What to do ▸
Although the entries contain pictures, only their words should be duplicated exactly.

═════ Supplied material

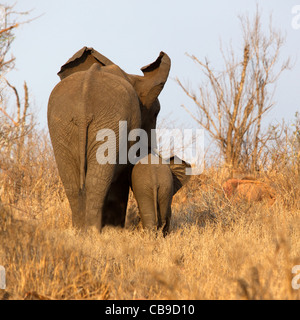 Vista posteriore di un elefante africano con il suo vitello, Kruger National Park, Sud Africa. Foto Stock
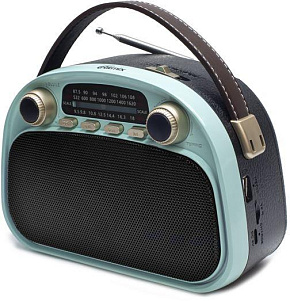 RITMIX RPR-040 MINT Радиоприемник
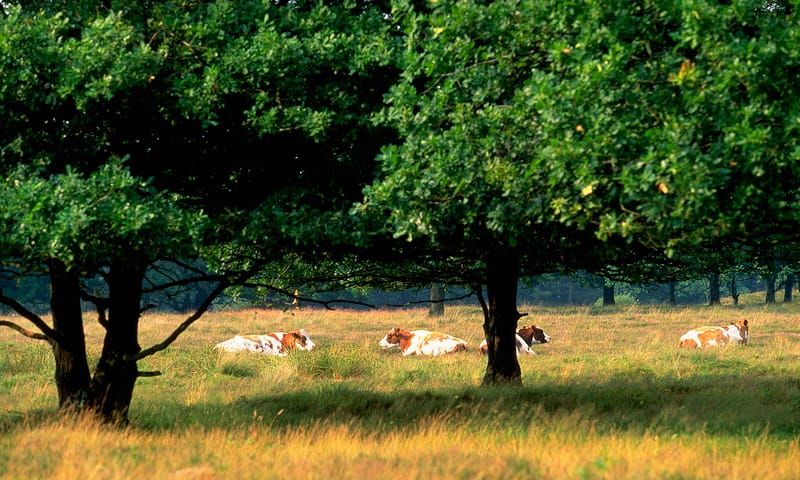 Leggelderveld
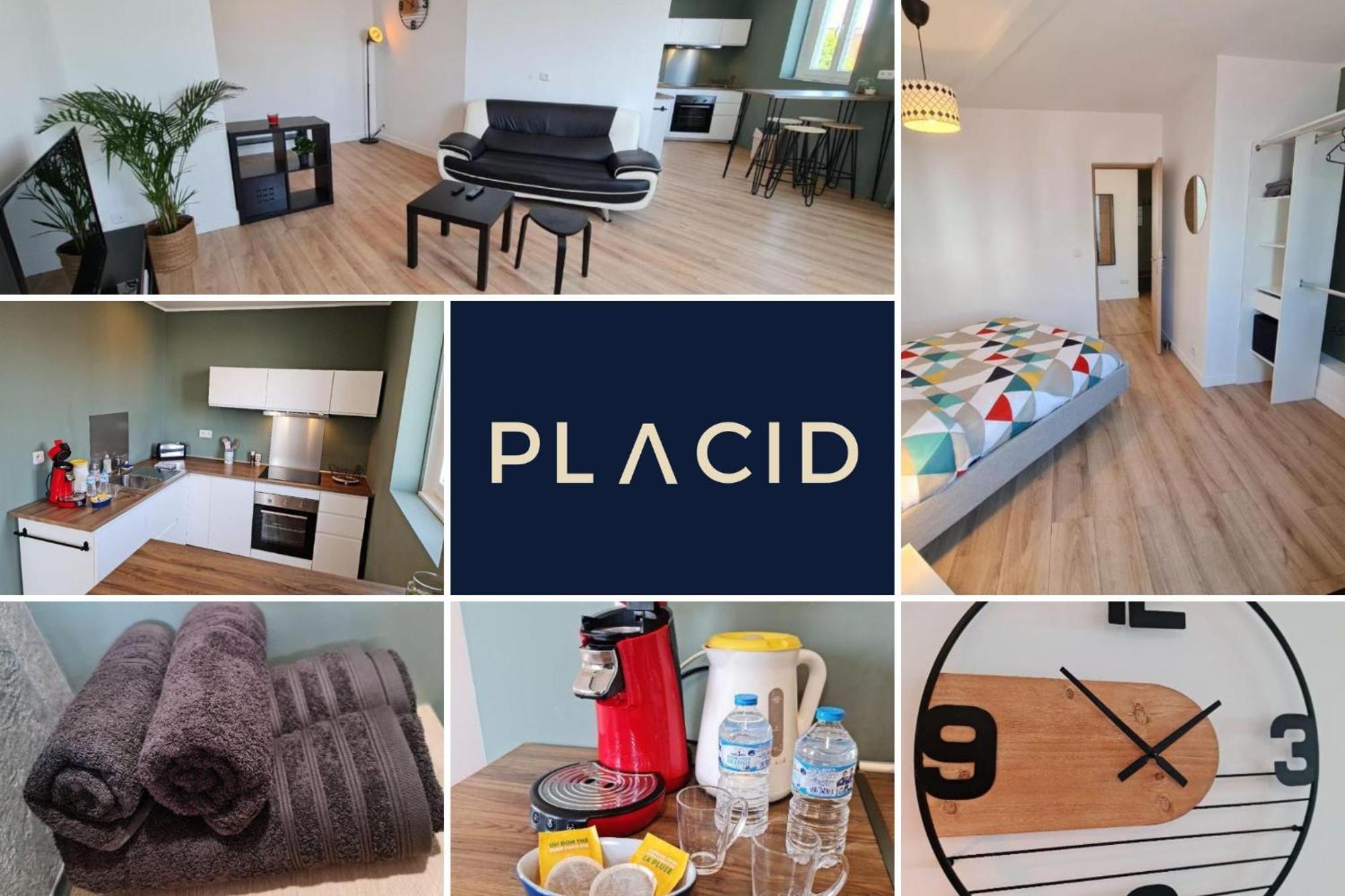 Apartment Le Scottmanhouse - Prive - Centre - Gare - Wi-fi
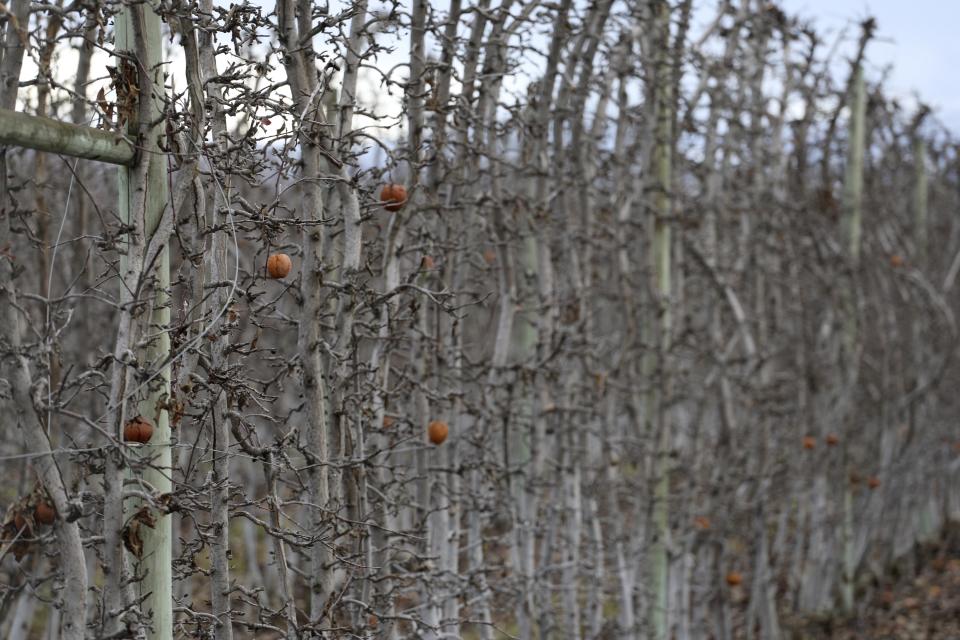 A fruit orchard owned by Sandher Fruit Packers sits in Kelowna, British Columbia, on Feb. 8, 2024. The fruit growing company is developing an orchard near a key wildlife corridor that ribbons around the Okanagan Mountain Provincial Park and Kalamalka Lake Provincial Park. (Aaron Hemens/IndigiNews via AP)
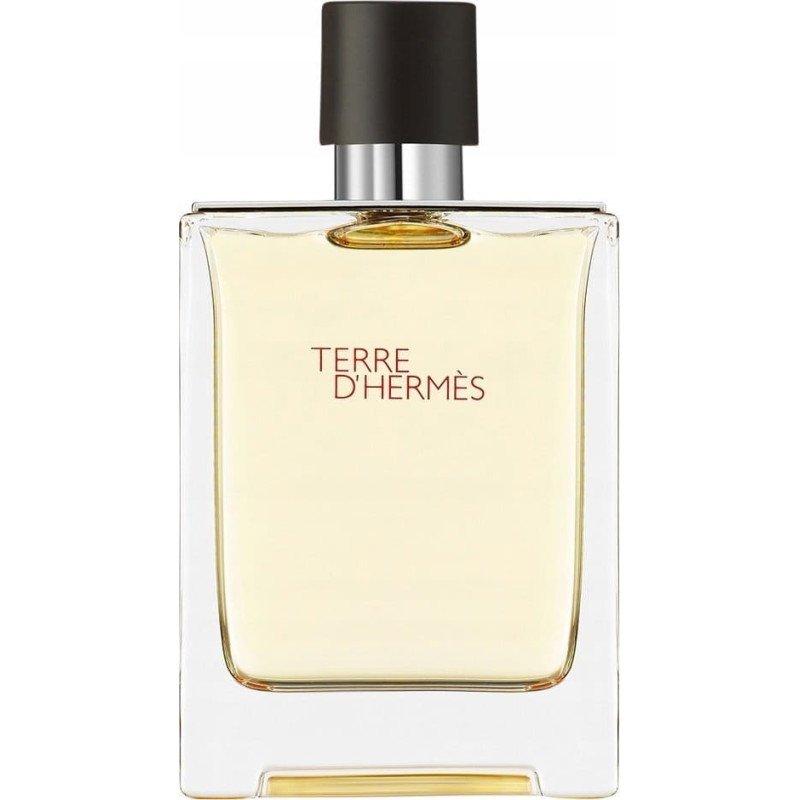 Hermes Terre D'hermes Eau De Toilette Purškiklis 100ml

══════════

Written answer ▸
 Vista posteriore di un elefante africano con il suo vitello, Kruger National Park, Sud Africa. Foto Stock
 RITMIX RPR-040 MINT Радиоприемник
 Leggelderveld
 Apartment Le Scottmanhouse - Prive - Centre - Gare - Wi-fi
 A fruit orchard owned by Sandher Fruit Packers sits in Kelowna, British Columbia, on Feb. 8, 2024. The fruit growing company is developing an orchard near a key wildlife corridor that ribbons around the Okanagan Mountain Provincial Park and Kalamalka Lake Provincial Park. (Aaron Hemens/IndigiNews via AP)
 Hermes Terre D'hermes Eau De Toilette Purškiklis 100ml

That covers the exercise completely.